I retract my previous statement!

lqd (Jul 03 2018 at 16:58, on Zulip):

then let's improve it until/if we do switch to :frog: :)

nikomatsakis (Jul 03 2018 at 17:00, on Zulip):

actually almost all of the optimization we've been doing would still benefit -Zpolonius

nikomatsakis (Jul 03 2018 at 17:00, on Zulip):

the SCC stuff is the one exception I think

nikomatsakis (Jul 03 2018 at 17:00, on Zulip):

at least as currently architected

lqd (Jul 03 2018 at 17:01, on Zulip):

since we're in a constant array, do those live variables have mostly the same type ?

lqd (Jul 03 2018 at 17:06, on Zulip):

the visit_ty should be mostly the same from point to point (but can't tell if caching here would be interesting)

nikomatsakis (Jul 03 2018 at 17:10, on Zulip):

I suspect that none of the types involved even have regions

nikomatsakis (Jul 03 2018 at 17:10, on Zulip):

I was going to open an issue to experiment with a small tweak that checks the type flags and skips the for_each_free_region call entirely in that case

lqd (Jul 03 2018 at 17:11, on Zulip):

is there an easy way to check if the types have regions in the mir output ? I do have part of it handy

nikomatsakis (Jul 03 2018 at 17:13, on Zulip):

not sure but I am doing a run now that should dump it w/ a debug!

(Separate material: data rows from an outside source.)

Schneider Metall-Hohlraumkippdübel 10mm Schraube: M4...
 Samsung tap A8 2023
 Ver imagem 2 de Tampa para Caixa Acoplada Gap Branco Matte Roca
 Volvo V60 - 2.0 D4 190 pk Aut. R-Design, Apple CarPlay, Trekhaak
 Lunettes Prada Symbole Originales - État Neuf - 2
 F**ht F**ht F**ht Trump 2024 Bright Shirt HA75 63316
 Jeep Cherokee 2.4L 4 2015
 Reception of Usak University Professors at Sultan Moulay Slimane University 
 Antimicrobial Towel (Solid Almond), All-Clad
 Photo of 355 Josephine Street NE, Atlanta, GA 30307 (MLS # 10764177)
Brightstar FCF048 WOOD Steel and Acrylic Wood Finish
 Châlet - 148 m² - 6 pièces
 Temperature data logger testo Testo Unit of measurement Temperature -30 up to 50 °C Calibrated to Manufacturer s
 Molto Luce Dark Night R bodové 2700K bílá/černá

lqd (Jul 03 2018 at 17:13, on Zulip):

(maybe the regions are dumped in the comments I mean ;)

lqd (Jul 03 2018 at 17:13, on Zulip):

oh good

nikomatsakis (Jul 03 2018 at 18:30, on Zulip):

filed https://github.com/rust-lang/rust/issues/52027

lqd (Jul 03 2018 at 18:32, on Zulip):

yay :) we can talk about it a today's meeting but I'll glady do it

nikomatsakis (Jul 03 2018 at 18:34, on Zulip):

probably a good idea to get it done. It's a simple change. I suspect we'll want to do more afterwards, though.

nikomatsakis (Jul 03 2018 at 18:34, on Zulip):

this is about 50% but we need something like 90% :)

lqd (Jul 03 2018 at 18:42, on Zulip):

sure :)

nikomatsakis (Jul 03 2018 at 22:05, on Zulip):

@lqd this is a good follow-up re: tuple-stress =) https://github.com/rust-lang/rust/issues/52034

lqd (Jul 03 2018 at 22:19, on Zulip):

nice :D

lqd (Jul 03 2018 at 22:33, on Zulip):

I opened the PR for the previous tuple-stress issue, will r? ping when it passes travis if I'm still awake

lqd (Jul 04 2018 at 00:04, on Zulip):

that is, https://github.com/rust-lang/rust/pull/52037

lqd (Jul 04 2018 at 00:21, on Zulip):

and matthew has found why webrender and piston-image didn't compile https://github.com/rust-lang/rust/issues/51372#issuecomment-402306996

lqd (Jul 04 2018 at 00:28, on Zulip):

hmm, didn't futures have issues as well ? answer: doesn't seem like it no — so, good news again :)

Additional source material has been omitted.